The Diablada is one of the most fascinating components of the Oruro Carnival.

The Carnival of Oruro, Bolivia, justly ranks among the most famous pre-Lenten celebrations of the world. Oruro is a small city in northern Bolivia, formerly a base of the Uru-Uru tribe, and later a colonial center of tin, tungsten, silver and copper mining. Today, the mines are all but exhausted, and Oruro is far from being a mecca of tourism. Nonetheless, once a year the city attracts visitors from around the world to see its enormous and unforgettable Carnival parade, the Entrada.

A Kusillo clowns for the audience during the 2017 Carnival of Oruro.

The Oruro Carnival is organized by groups of mostly masked dancers in tin masks. Decades ago, many masks were made of linen soaked in plaster, but these were brittle and heavy. The move to tin reduced the weight and increased durability, allowing greater size and complexity of design. Very recently, fiberglass and plastic have been used, largely because tin dents easily and welded components frequently detach.

The best known categories of masked groups are the Diablada, comprised of male (tio supay and diablos) and female (diablesas and china supay) devils; the Morenada, with its male (morenos and achachis) and female (chinas morenas) Moors; Negritos (black men and women); Jukumaris (representing bears); Waka Tokhoris (representing Spanish toreadors and the bulls they fight); Llameros (llama herders, both male and female); Chutos (representing the pre-colonial indigenous tribes); Kusillos (a kind of clown); and many others. The number of participating groups is in fact so numerous, and so many participants fill out each group, that the parades begin early in the morning and continue past midnight for at least two consecutive days. The scale of these parades is simply staggering.

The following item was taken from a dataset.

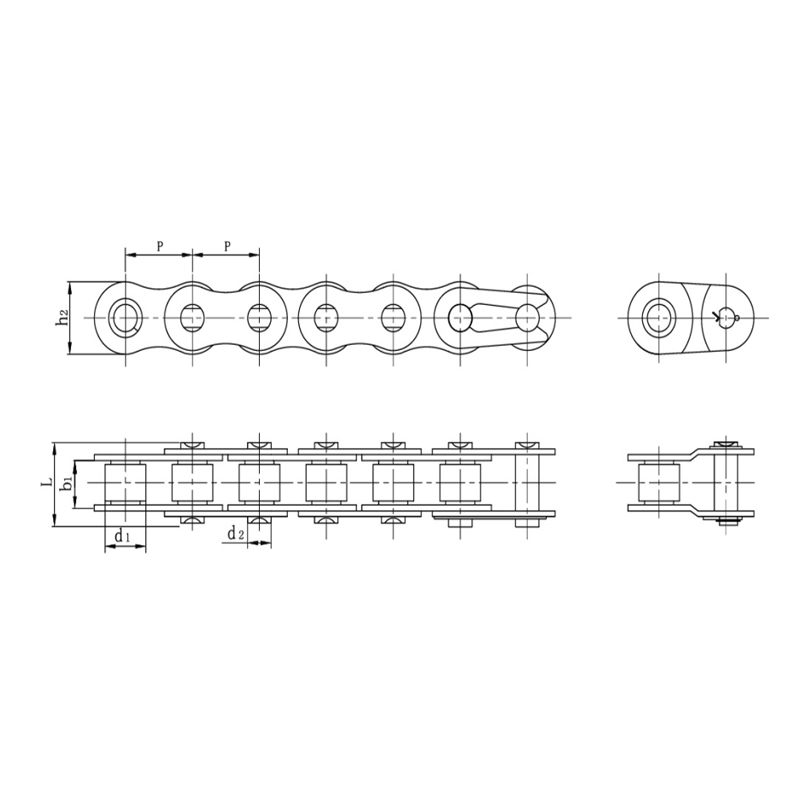 Catene a rulli di precisione a passo corto in acciaio inox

The masks are made by welding specialists called careteros who run small shops in La Paz and Oruro.  The elaborate costumes are crafted by bordaderos, who are usually clustered together with the mask makers. Over the years, the Diablada, Morenada, and Negrito costumes have become increasingly bulky, elaborate and detailed, so that the cost of a complete costume and mask is, by Bolivian income standards, imposing. Nonetheless, Bolivian pride in the Carnival is sufficient to make it one of the largest in the world. Adding to that pride is the fact that, in 2001, the Carnival was designated the Intangible Cultural Heritage of Humanity by the United Nations Educational, Scientific, and Cultural Organization (UNESCO).

The Archangel Michael is an important character who formerly battled the demons but now leads them in the parade.

What is perhaps most interesting about the Carnival of Oruro is its syncretism between the traditional pre-Christian beliefs of the Andean peoples and the Catholicism of the Spanish invaders. Historically, the Diablada and Llameros were a form of worship of the Uru-Uru god Tiw. Although colonial authorities banned these ceremonies, they could not stop the secret continuation of the rituals by Quechua people and eventually integrated them into a liturgical Catholicism. The worshiped Tiw became reinterpreted as the Devil (as Catholics did with all native gods) and other characters given neutral or Catholic spins.

Coordinated dance steps are an unusual part of the Oruro Carnival.

Two of the core historical elements kept alive in today’s are music and dancing. Large marching bands and traditional instruments accompany most of the groups, making the parade a loud and festive spectacle. Perhaps most importantly, the groups do not just march down their route.  They dance continuously in celebration of Tiw, sometimes with traditional Bolivian dance steps and other times in choreographed routines, such as when the Archangel Michael leads his army of diablesas through a gateway of fire with high and fast steps.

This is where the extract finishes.